Ayant livré à Votre Sainteté cette pensée qui me hante pendant ce Carême, et confiant dans la force de votre prière et dans l'efficacité de vos directives, je ne peux que réitérer, Très Saint Père, l'assurance de ma filiale dévotion et de mon profond respect dans le Seigneur.
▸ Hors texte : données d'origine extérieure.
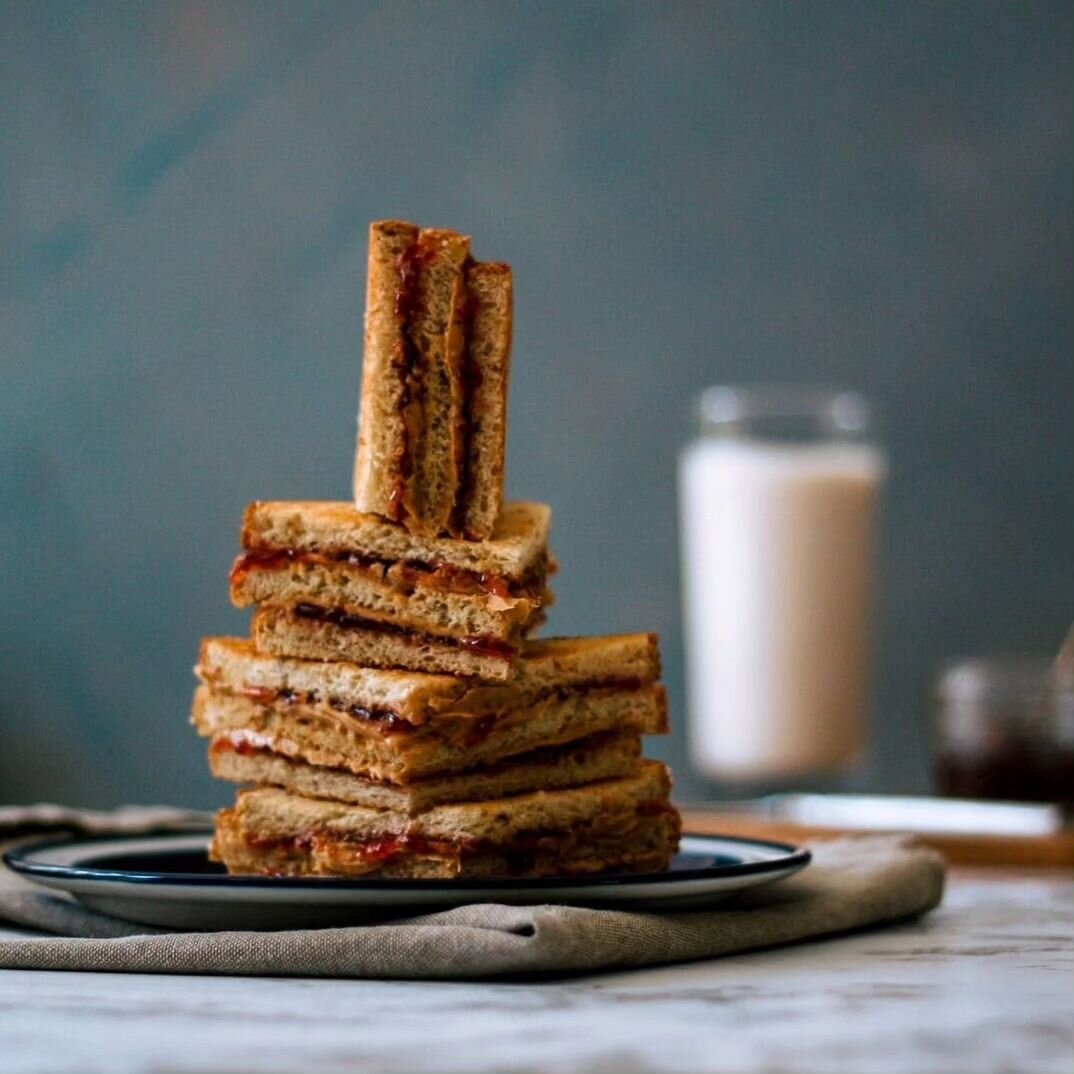 Some days of this pregnancy I feel like PB&amp;J is how I'm surviving. It's a balance of sweet and salty, and heaps of comfort food nostalgia to get me to my next meal.

This version was a classic growing up--the Triple Decker Peanut Butter and Jelly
+ Gregorios III, Patriarche
Section pour les affaires générales
N. 146.277
Du Vatican, le 21 avril 2010
Béatitude,
Vous avez écrit récemment à Sa Sainteté le Pape Benoît XVI pour lui faire part de vos réflexions sur les évolutions de la conjoncture au Moyen-Orient. Sa Sainteté vous en remercie cordialement.
Le Saint-Père est particulièrement sensible à la situation des Communautés chrétiennes dans la Région. Dans les épreuves qu'elles traversent, il adresse ses vifs encouragements aux fidèles et à leurs pasteurs, souhaitant que leurs droits légitimes à vivre en paix et en sécurité sur leur terre soit protégés et qu'ils puissent participer pleinement à la vie de leur nation.
Le Pape souhaite aussi que l'Assemblée spéciale du Synode des Evêques pour le Moyen-Orient, qui se tiendra en octobre prochain, contribue à resserrer les liens de communion entre les Communautés orientales catholiques, pour accomplir avec vigueur leur mission, dans un esprit d'ouverture œcuménique et interreligieuse. Qu'à cette occasion, une authentique solidarité des fidèles du monde entier envers leurs frères et leurs sœurs de cette région puisse encore se manifester concrètement!
Alors que l'Eglise entière est dans la joie des fêtes pascales, le Saint-Père, vous confiant à l'intercession maternelle de la Vierge Marie, vous adresse de grand cœur ainsi qu'aux Evêques, aux prêtres et aux fidèles de l'Eglise Grecque Melkite catholique, une affectueuse Bénédiction apostolique.
Je vous prie, Béatitude, d'agréer l'expression de mes sentiments cordialement dévoués dans le Seigneur.